The recurring theme he found? The north end is "a safe space for queer people."

Craddock, a season-ticket holder who developed a friendship with Krabacher and several others after they met in the north end, says that's a factor in attendance for Thorns matches. "I think there are several reasons, one of which is obviously lesbians," she says with a laugh.

"The pro-queer factor is huge for me," Krabacher adds. "Honestly, a Thorns game is the largest lesbian convention in the world.

"I'm from Idaho, and being a lesbian and being at a Thorns game, with all the pride flags and the tifo they did after the Orlando shooting and all these LGBTQ celebrations, it's something Portland offers that some other places don't."

(Corri Goates)
(Corri Goates)

Perhaps the most remarkable part of fans' love affair with the Thorns is that it has grown stronger, even when the team's performance has gotten weaker.

After winning the NWSL championship in their first season, the Thorns were eliminated in the first round of the playoffs in 2014. Last year, they won just six of 20 matches, failing to even reach the playoffs. Still, fans showed up—and more often.
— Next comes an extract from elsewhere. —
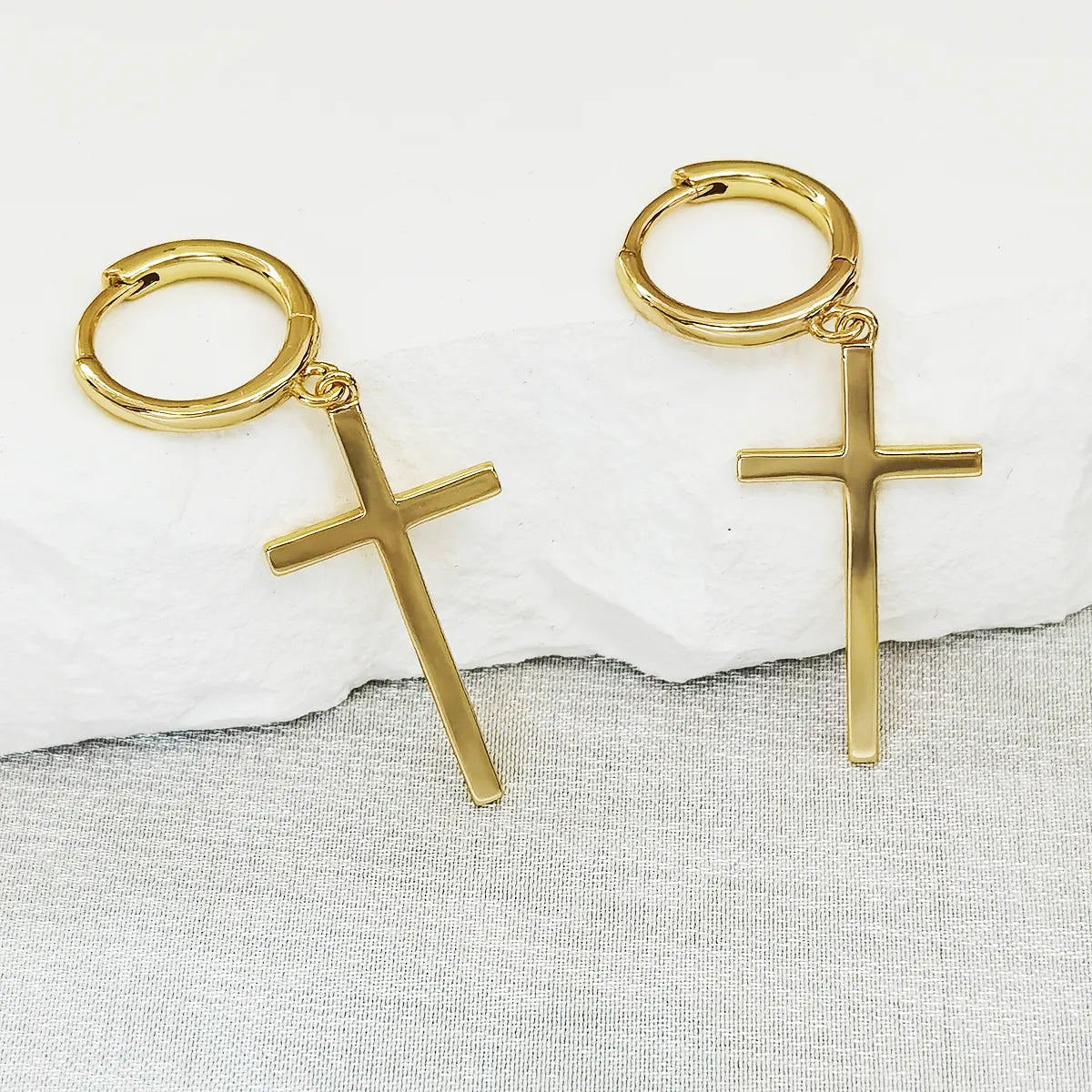 1 Pair White Gold Plated Gold Plated Sterling Silver Cross Drop Earrings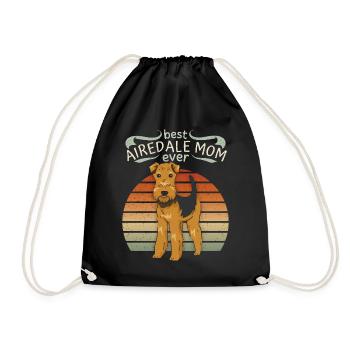 Airedale-Terrier Airedale-Mom funny saying dog - Drawstring Bag - black - Front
Average home attendance rose from 13,320 in the Thorns' first season to 15,639 in last year's dismal performance to 16,772 this season. (Disclosure: This author writes copy for Nike, which is a sponsor of the Thorns.)
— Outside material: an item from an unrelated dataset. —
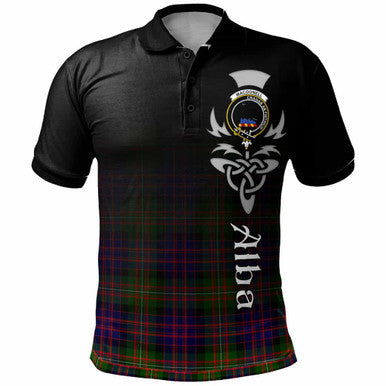 Scottish MacDonell of Glengarry Clan Crest Tartan Polo Shirt - Alba Gu Brath Family Crest Celtic Inspired Front Side Tartan Plaid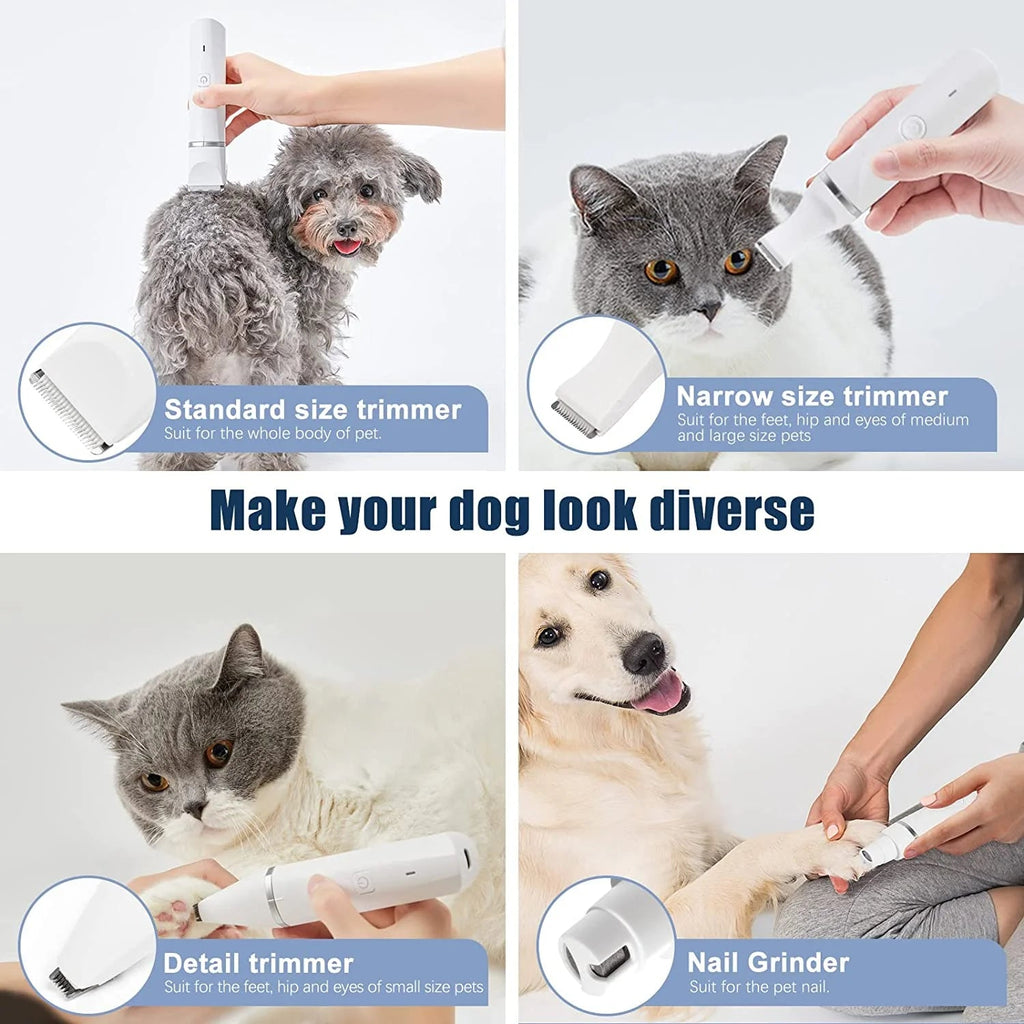 4-in-1 Cordless Pet Grooming Kit for Dogs and Cats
The Thorns' biggest crowd this season at Providence Park was 19,231 on July 30, when Portland defeated the Seattle Reign 1-0 despite playing without its Olympians. The Thorns fielded a shorthanded team of 15 players, some of them unpaid amateurs, and the crowd cheered louder than ever.
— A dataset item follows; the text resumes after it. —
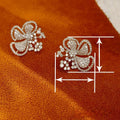 Floral Flower Stud Earrings For Women With Micro Paved Zircon, Pastoral Fashion Jewelry view 4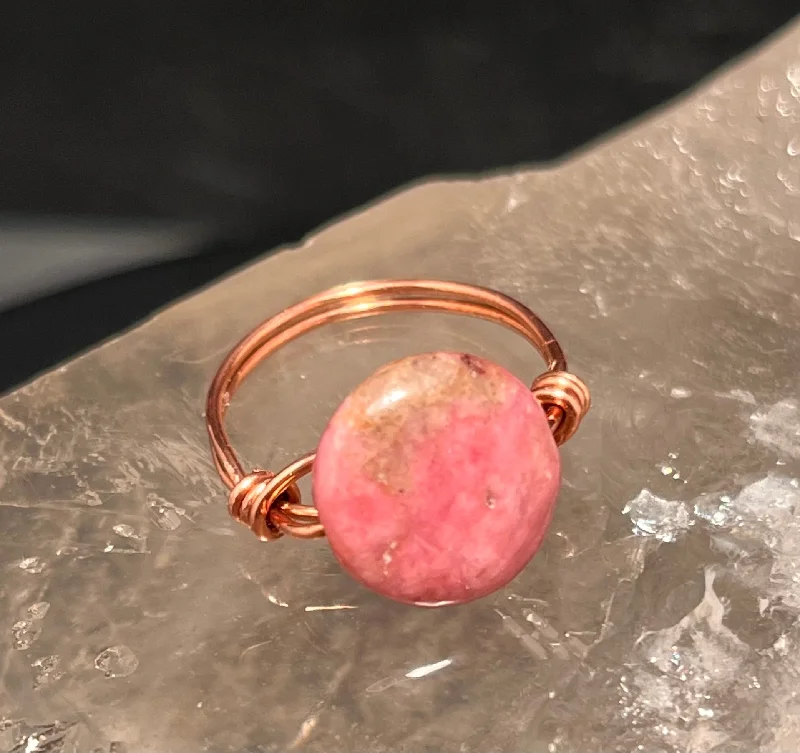 Ladies rings daily wear-Rhodonite Copper Bead Ring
That kind of loyalty is requited.

Long, the Thorns midfielder who recently returned from her first stint on the U.S. Olympic team, recalls a fan tweeting about his 8-year-old daughter getting bullied for wearing a Thorns jersey to school.

"I hate bullying," Long says. "And they were making fun of her, and I was like, 'Oh, heck no." She reached out to the girl, got her tickets to a game, autographed gear, and met her after the match.

"I just have so much respect for our fans," Long says, her eyes flashing as she recounts the story. "Especially if some cute, little girl is getting bullied. She should be proud for wearing that jersey."